Visiting Rufford Abbey Park During The Covid-19 Pandemic

image title reads 'days out visiting rufford abbey country park, ollerton, nottinghamshire, NG229DF,'. Image to the right is of the woodland, pram and disabled friendly pathway and the large lake with ducks and geese that is in the centre of the park.

Rufford Abbey is one of my favourite places in existence. I've been a regular visitor for the last 10 years and even have old camcorder footage of me there with my grandparents when I was just a toddler. We love it so much it is our wedding destination of choice when the coronavirus allows us to resume our wedding plans. It's a place firmly etched into my heart but like everywhere it's undergone some changes recently.

Do I Need To Book In Advance To Visit Rufford Abbey Park

Firstly I think it's important to establish that there are two areas to Rufford Abbey park, the Abbey Ruins themselves which are NOT open to visit and the country park surrounding the ruins which is open to visit. 

The ruins are run by English Heritage but the park grounds are separate and managed by Parkwood Outdoors, thus English Heritage members must always pay the parking fees.

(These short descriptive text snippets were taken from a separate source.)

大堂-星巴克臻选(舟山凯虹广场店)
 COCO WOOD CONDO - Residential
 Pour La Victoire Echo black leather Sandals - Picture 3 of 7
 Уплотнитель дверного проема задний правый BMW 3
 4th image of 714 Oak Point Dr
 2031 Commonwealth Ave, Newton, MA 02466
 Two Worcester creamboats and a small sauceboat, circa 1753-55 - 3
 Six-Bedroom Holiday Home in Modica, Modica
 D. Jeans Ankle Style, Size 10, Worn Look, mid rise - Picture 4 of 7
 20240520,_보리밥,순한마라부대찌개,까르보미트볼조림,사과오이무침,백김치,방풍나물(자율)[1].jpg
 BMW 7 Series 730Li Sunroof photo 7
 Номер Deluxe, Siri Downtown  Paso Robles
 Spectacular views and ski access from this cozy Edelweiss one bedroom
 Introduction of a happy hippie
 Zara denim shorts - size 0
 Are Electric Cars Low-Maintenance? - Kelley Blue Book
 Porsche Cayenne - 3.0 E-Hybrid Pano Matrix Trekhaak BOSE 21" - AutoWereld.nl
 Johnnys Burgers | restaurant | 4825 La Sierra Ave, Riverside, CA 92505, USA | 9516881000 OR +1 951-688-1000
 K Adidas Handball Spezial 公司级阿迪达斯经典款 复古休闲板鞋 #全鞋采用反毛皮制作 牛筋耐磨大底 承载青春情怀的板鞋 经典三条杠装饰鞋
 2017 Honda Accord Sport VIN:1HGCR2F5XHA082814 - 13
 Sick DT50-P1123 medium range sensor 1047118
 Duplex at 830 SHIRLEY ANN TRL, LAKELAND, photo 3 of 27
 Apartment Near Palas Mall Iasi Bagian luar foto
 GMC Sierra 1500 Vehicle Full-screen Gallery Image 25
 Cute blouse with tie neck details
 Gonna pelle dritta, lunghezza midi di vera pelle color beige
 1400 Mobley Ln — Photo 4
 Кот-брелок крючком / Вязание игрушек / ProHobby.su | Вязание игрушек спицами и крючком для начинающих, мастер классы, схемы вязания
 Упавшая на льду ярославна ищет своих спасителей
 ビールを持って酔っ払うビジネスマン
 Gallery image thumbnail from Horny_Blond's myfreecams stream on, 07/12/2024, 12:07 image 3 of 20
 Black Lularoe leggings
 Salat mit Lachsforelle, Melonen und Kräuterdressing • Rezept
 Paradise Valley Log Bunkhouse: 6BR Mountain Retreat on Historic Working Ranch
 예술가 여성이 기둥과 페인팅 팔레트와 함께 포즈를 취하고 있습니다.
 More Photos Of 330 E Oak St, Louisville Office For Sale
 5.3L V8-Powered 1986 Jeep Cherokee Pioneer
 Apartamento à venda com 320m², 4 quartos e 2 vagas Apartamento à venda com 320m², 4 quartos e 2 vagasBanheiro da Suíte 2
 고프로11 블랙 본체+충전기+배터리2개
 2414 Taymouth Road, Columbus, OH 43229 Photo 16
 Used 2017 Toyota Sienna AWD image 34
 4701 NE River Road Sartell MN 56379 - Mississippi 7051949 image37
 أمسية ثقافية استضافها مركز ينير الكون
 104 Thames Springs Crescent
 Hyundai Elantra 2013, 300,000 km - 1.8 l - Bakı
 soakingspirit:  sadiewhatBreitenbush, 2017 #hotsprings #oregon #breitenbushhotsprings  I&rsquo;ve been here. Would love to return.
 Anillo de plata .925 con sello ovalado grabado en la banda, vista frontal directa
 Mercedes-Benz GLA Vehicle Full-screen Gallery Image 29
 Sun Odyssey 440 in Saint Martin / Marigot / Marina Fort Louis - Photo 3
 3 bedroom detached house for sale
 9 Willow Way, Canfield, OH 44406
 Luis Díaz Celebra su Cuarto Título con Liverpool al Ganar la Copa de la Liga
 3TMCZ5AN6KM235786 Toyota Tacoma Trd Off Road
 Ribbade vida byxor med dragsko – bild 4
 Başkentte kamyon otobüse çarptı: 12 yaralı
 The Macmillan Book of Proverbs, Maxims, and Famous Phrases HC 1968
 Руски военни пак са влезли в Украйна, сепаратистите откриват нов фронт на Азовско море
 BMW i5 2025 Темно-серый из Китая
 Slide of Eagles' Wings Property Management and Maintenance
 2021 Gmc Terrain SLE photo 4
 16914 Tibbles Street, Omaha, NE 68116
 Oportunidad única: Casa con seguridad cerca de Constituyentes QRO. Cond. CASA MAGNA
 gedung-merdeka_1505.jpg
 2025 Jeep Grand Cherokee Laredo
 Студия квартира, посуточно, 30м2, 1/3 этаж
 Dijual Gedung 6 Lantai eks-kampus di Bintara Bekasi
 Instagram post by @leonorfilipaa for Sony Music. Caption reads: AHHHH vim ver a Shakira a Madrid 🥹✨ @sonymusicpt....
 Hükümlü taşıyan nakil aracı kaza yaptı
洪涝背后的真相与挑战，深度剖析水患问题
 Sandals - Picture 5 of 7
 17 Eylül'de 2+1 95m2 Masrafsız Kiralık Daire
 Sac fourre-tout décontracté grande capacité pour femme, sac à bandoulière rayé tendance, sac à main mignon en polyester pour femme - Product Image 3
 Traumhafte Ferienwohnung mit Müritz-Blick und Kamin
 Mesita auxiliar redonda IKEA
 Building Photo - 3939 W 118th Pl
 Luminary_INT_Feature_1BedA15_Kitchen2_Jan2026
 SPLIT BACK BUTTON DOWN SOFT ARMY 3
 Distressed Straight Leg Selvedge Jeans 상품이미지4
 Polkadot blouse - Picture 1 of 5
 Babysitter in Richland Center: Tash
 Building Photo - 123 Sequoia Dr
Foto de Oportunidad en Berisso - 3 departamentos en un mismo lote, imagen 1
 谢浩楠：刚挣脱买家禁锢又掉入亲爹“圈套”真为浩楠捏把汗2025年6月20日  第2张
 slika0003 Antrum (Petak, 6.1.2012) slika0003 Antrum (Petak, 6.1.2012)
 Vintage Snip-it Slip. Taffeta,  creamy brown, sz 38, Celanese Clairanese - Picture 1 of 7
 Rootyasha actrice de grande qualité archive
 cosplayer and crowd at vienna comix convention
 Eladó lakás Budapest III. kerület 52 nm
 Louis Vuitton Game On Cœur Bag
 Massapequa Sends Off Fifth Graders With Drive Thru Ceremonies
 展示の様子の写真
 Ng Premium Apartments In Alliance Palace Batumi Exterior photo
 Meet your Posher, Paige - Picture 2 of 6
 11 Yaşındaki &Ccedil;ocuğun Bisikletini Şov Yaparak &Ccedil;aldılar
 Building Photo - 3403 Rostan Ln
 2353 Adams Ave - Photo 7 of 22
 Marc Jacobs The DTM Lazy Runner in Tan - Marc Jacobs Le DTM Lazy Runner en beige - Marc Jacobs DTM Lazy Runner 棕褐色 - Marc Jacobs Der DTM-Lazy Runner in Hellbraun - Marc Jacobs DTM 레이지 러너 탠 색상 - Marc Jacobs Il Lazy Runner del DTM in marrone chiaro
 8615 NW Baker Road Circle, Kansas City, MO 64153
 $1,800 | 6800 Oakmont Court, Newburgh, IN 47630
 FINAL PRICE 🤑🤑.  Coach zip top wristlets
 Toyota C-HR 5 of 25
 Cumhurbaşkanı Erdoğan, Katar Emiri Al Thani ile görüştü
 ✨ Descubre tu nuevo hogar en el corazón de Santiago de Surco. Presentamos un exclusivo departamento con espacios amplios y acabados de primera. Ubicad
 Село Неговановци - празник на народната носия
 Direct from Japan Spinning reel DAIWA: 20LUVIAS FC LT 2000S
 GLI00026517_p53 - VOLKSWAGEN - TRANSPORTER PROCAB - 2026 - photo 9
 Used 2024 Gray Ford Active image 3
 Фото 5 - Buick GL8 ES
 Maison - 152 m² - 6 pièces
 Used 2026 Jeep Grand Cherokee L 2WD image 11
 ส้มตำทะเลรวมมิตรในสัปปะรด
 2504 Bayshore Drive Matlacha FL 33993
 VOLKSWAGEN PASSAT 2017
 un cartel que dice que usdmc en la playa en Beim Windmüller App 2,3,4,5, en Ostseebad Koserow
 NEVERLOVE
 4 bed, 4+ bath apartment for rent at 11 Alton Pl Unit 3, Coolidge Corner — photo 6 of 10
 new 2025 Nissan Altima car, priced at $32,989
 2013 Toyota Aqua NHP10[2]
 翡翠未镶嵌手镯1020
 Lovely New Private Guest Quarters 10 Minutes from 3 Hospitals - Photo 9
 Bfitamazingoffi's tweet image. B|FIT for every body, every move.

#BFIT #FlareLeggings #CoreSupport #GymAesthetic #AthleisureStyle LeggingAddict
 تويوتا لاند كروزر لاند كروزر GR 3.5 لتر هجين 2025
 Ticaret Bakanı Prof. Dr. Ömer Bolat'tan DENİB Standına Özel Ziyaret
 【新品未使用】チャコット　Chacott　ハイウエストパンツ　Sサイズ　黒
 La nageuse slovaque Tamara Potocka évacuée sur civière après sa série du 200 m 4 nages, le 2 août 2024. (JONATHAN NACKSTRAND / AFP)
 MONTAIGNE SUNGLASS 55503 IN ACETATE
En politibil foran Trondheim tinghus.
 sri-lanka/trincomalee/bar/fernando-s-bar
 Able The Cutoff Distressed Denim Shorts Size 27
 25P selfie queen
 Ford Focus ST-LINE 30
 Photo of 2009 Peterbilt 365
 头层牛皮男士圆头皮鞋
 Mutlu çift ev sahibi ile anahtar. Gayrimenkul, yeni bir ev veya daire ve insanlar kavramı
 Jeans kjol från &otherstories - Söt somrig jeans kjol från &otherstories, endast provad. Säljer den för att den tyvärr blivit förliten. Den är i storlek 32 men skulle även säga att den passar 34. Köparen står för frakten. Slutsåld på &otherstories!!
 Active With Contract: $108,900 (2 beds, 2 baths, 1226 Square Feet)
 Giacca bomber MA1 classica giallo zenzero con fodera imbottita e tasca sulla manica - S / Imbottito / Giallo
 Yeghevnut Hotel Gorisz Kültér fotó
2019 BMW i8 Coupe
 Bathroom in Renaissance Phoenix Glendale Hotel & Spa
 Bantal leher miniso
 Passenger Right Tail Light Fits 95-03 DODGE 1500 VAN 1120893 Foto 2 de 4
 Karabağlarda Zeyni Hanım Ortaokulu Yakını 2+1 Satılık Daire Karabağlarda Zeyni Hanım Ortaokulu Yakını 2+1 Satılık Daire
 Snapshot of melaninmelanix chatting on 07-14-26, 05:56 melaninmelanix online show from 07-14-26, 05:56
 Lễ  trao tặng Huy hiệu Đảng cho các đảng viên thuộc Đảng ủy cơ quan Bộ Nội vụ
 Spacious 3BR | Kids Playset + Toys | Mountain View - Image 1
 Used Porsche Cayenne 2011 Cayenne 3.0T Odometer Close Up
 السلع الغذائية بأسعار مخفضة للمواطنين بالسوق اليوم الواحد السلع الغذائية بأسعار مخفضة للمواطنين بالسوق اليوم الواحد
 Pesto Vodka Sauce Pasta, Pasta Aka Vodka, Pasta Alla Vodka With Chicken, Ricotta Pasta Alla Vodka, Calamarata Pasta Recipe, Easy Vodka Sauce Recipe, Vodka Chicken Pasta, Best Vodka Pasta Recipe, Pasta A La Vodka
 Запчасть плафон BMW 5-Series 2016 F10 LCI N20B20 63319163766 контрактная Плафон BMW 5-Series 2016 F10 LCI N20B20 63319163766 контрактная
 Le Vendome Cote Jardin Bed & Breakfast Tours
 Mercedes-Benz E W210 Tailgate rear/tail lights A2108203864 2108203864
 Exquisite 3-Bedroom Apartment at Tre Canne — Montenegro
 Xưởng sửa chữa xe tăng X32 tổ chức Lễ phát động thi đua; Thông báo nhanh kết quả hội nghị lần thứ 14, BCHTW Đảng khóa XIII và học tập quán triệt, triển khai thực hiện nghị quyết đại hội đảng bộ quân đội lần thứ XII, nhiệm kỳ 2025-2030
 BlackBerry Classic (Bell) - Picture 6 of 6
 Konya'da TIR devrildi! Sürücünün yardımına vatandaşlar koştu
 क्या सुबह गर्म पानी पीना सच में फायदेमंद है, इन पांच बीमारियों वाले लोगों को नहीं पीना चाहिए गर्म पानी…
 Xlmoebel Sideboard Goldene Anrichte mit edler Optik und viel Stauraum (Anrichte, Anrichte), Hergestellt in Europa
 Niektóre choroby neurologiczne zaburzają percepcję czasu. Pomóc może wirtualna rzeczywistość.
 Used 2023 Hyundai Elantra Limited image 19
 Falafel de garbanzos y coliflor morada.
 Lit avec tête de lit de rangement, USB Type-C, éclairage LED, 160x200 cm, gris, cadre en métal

Parking is currently £4 for all day. You can purchase Rufford Abbey annual parking passes for a very reasonable £40 and they are available to purchase on site and also online. We've had one since the beginning of the year and have already saved money despite the park closure during lockdown. 

Whether you need to book in advance was a little confusing. We tried to go to Rufford Abbey Park but were told it was pre-paid parking only. We were unsure whether that included those with passes or not  but as the people we were visiting with didn't have passes anyway we decided to go to Thoresby Park instead.

When we visited by ourselves there was no signage indicating pre-paid only, just that it was card payment and that you could pay for parking at the Mill Tea Shop, Coach House Cafe, Gift Shop and Ice Cream Parlour, although on a subsequent visit the staff had handheld card machines so you can now pay for parking via card on entry to the car park.

Looking on the website there is an option to pre-book parking but it also states that you are able to pay on the day as well. The park will close to visitors if it gets too busy so my advice would be to pre-book to ensure you get to visit. 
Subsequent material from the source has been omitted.